An investigation by HF led to two men being found fundamentally dishonest following their attempts to fraudulently seek damages against Zurich Insurance plc (“Zurich”).

Two men from North East and East London started court proceedings against Zurich and their client, Franchisees of Papa John’s Limited, seeking damages for personal injuries and financial losses arising from an alleged road traffic accident.

It was claimed that the incident occurred in Pollard Hatch car park in Harlow, where they were sitting in their parked Toyota, when a Papa John’s company Honda Accord was reversed into the adjoining parking bay at speed, colliding with their car.

However, Zurich suspected they were dealing with a phantom accident. At the time of the alleged accident, the Honda was in the control of an employee of Papa John’s Limited and he was able to confirm that he was in fact not working on the day of the alleged collision, and that no one else had used it.

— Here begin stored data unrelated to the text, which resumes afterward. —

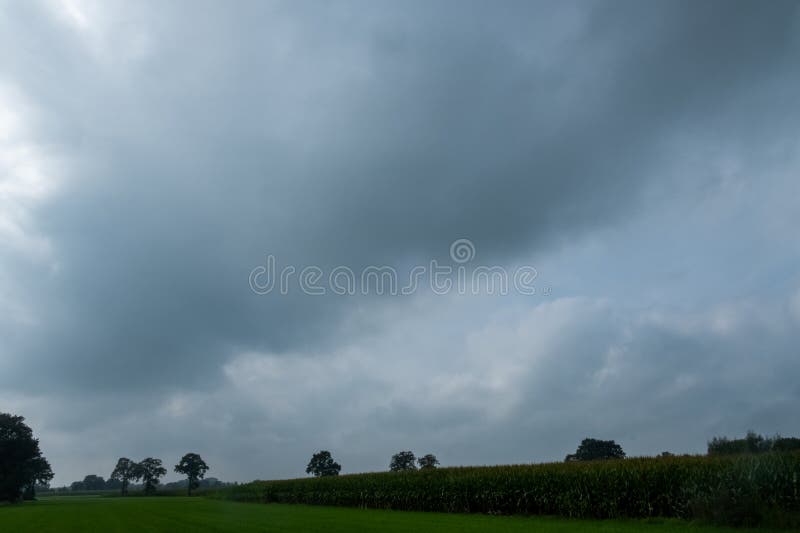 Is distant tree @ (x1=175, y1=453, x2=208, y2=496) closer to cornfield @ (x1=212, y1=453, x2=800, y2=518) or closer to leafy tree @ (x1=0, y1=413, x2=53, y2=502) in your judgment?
leafy tree @ (x1=0, y1=413, x2=53, y2=502)

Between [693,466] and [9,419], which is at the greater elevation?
[9,419]

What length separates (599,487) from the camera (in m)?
27.5

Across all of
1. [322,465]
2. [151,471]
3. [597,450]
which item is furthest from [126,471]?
[597,450]

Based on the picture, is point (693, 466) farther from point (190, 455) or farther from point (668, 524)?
point (190, 455)

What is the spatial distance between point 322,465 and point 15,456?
57.1m

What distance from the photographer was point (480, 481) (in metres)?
35.5

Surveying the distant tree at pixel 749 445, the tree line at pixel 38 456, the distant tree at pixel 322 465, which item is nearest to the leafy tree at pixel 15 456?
the tree line at pixel 38 456

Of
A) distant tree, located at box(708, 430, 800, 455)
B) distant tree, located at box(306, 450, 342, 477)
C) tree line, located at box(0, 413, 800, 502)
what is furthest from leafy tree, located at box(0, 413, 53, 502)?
distant tree, located at box(708, 430, 800, 455)

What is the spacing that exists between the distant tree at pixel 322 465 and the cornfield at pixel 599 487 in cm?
7578

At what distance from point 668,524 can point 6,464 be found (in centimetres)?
8499

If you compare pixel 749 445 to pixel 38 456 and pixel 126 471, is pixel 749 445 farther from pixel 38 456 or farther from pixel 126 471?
pixel 126 471

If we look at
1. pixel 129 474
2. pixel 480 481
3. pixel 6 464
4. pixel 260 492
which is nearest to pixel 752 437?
pixel 480 481

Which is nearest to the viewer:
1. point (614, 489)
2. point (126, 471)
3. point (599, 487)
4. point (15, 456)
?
point (614, 489)

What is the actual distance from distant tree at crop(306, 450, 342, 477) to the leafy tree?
5148cm
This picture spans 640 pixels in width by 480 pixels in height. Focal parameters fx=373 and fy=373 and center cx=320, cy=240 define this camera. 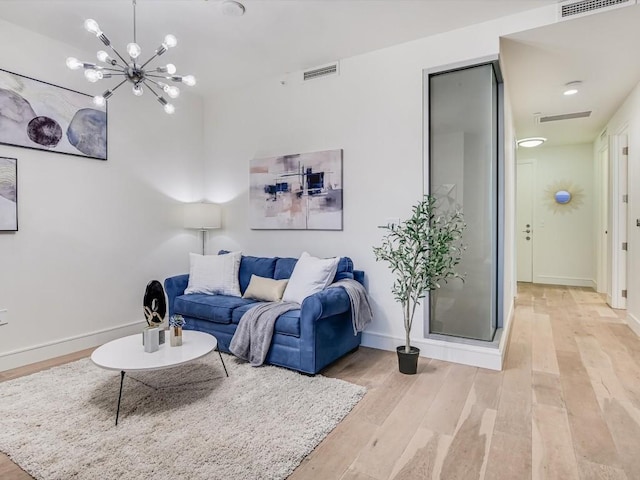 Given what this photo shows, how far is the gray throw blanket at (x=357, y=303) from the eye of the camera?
10.3 feet

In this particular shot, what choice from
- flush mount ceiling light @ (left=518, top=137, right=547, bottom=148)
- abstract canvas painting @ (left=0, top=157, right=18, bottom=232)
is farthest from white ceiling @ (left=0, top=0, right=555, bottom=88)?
flush mount ceiling light @ (left=518, top=137, right=547, bottom=148)

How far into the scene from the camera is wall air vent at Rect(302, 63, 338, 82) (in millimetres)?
3779

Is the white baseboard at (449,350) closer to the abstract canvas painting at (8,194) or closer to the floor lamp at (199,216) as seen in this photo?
the floor lamp at (199,216)

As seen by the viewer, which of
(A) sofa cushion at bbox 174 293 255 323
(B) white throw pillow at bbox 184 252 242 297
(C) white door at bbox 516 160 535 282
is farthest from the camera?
(C) white door at bbox 516 160 535 282

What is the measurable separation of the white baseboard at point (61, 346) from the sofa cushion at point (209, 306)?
0.74 m

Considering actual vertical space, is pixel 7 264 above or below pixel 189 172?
below

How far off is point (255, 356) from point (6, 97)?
2.89 metres

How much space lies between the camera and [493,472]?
1729 mm

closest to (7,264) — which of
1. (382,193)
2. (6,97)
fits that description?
(6,97)

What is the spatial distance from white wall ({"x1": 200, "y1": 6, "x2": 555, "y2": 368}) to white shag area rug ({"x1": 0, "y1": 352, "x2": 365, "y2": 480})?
51.6 inches

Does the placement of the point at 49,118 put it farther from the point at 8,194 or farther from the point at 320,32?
the point at 320,32

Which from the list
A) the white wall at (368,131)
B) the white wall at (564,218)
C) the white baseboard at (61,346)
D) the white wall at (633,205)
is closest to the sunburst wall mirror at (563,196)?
the white wall at (564,218)

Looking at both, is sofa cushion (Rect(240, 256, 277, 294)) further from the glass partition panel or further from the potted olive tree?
the glass partition panel

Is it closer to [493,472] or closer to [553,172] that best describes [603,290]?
[553,172] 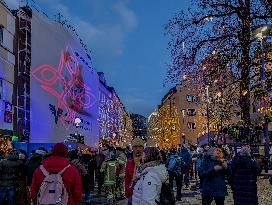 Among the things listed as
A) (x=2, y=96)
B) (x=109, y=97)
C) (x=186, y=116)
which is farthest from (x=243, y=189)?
(x=109, y=97)

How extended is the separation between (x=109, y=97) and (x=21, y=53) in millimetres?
93949

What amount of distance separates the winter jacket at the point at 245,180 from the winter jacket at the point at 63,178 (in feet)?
12.3

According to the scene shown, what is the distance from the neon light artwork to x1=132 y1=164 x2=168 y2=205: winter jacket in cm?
2482

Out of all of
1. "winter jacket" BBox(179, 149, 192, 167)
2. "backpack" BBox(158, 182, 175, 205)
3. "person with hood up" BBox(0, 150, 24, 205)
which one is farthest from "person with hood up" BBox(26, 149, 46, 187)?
"winter jacket" BBox(179, 149, 192, 167)

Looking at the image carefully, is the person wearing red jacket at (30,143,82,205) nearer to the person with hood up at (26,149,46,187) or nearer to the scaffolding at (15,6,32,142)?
the person with hood up at (26,149,46,187)

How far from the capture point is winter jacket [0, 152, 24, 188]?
11930mm

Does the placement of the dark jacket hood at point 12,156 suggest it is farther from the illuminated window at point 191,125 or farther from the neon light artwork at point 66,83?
the illuminated window at point 191,125

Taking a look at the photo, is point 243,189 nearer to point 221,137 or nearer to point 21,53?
point 221,137

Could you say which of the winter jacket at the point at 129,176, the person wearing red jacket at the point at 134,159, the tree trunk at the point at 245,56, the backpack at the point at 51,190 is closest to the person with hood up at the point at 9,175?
the winter jacket at the point at 129,176

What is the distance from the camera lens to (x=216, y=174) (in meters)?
10.2

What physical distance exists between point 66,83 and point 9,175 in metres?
24.6

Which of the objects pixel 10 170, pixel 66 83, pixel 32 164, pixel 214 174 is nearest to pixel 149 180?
pixel 214 174

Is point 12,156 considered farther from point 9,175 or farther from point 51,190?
point 51,190

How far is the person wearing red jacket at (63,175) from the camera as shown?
675 cm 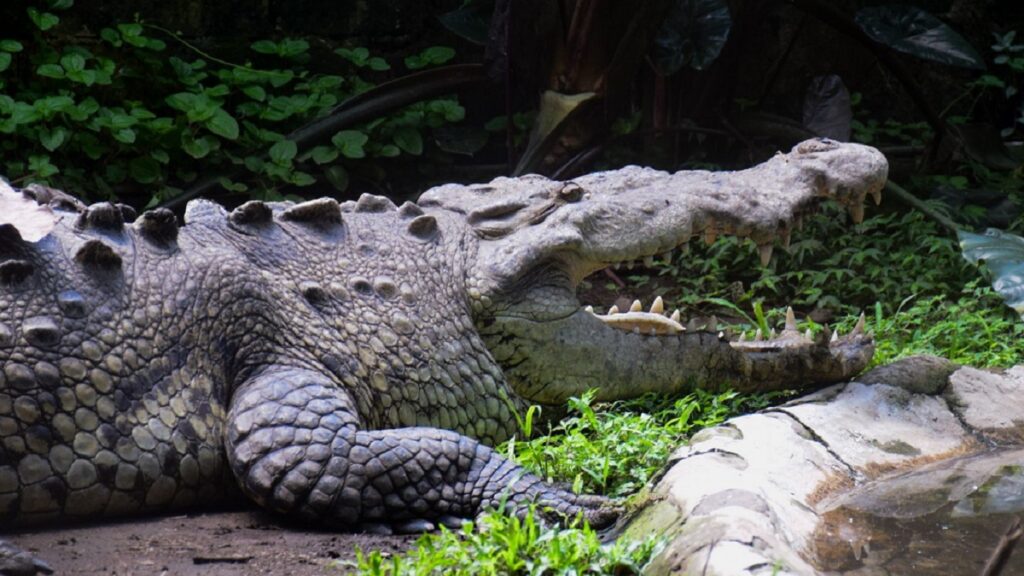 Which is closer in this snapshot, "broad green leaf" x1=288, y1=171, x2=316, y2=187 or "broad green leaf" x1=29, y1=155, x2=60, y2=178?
"broad green leaf" x1=29, y1=155, x2=60, y2=178

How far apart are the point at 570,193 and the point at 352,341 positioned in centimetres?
107

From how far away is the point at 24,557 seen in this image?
2.77 metres

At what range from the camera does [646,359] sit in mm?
4293

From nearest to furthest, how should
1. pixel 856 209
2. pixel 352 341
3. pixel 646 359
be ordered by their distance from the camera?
pixel 352 341
pixel 646 359
pixel 856 209

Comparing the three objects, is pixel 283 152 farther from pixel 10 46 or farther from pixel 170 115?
pixel 10 46

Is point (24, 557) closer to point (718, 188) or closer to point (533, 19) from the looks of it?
point (718, 188)

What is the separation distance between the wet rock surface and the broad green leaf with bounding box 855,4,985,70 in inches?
126

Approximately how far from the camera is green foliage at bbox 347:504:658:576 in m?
2.71

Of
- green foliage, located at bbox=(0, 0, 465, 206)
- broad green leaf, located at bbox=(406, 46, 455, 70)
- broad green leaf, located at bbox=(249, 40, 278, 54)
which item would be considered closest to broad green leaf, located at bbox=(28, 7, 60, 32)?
green foliage, located at bbox=(0, 0, 465, 206)

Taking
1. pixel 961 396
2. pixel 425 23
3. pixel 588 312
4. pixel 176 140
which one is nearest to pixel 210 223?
pixel 588 312

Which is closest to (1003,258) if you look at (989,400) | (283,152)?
(989,400)

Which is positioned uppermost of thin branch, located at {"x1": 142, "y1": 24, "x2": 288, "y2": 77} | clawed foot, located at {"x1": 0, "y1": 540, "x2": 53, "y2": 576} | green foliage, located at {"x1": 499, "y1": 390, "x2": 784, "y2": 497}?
thin branch, located at {"x1": 142, "y1": 24, "x2": 288, "y2": 77}

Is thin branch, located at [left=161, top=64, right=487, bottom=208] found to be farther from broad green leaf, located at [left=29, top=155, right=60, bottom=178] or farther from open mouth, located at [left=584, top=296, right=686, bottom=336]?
open mouth, located at [left=584, top=296, right=686, bottom=336]

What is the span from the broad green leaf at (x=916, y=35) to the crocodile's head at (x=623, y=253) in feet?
9.01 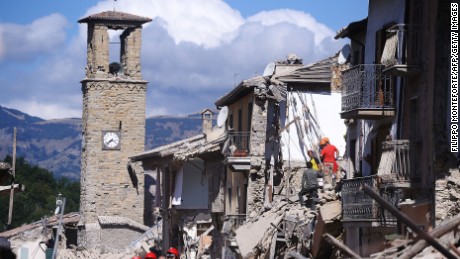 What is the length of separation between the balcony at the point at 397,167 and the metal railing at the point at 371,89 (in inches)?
84.8

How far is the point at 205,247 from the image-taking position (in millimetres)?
55594

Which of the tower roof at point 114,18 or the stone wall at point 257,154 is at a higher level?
the tower roof at point 114,18

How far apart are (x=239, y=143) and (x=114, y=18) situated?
34828mm

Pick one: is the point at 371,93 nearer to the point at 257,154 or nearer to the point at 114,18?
the point at 257,154

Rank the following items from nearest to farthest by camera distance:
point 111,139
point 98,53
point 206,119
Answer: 1. point 206,119
2. point 111,139
3. point 98,53

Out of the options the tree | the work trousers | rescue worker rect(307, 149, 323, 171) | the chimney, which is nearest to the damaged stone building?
Result: the chimney

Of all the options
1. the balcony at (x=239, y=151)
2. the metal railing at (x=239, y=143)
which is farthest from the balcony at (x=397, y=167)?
the metal railing at (x=239, y=143)

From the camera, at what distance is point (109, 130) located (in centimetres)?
8225

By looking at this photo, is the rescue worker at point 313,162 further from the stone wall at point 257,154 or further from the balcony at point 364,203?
the stone wall at point 257,154

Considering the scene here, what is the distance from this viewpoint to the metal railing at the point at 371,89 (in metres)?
31.1

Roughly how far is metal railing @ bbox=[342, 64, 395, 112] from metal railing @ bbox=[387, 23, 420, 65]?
6.37ft

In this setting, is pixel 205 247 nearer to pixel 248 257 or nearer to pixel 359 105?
pixel 248 257

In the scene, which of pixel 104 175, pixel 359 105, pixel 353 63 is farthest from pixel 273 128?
pixel 104 175

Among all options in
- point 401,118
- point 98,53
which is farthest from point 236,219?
point 98,53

Close analysis of the Claimants’ documents revealed numerous inconsistencies in their accounts of injury, with further searches revealing that both had a history of making similar claims.

Pressed to disclose physiotherapy notes, they alleged treatment had been received through a Brighter Future Rehab (BFR), a physiotherapy company who, in turn, alleged they had outsourced it to Ascenti, a nationwide provider of physio treatment. Ascenti confirmed they had not accepted instructions from either claimants or BFR and they provided a witness statement, and the physiotherapist personally named was also happy to provide a witness statement to that effect.

As a result of HF and Zurich’s investigations, permission was obtained to not only deny the claims, but to assert fundamental dishonesty for both Claimants and counterclaim for damages arising from the Second Claimant’s misrepresentations and use of fraudulent documents. Both claimants were found to be fundamentally dishonest and ordered to pay the defendant’s costs of £30,973.

Graeme Mulvoy, Partner in Counter Fraud at Horwich Farrelly, said: “All too often people think they can get away with making fraudulent insurance claims, especially when those they’re claiming against are big industry players. This case demonstrates how we leverage the investigative tools at our disposal, and relationships with providers including physiotherapists, to right that wrong and hold them to account. We hope that knowledge helps discourage claimants and suspect companies from trying to do the same.”

Scott Clayton, Head of Fraud at Zurich Insurance commented, “We take fraudulent claims very seriously and findings such as this help us protect our honest customers and their employees. In this case, it was not only the claimants trying to bring dishonest claims but a physiotherapy company who falsified documents. Through the collaboration of Zurich, Horwich Farrelly and Ascenti, we’ve ensured they failed in their attempts and, rightly, been ordered to pay our legal costs.”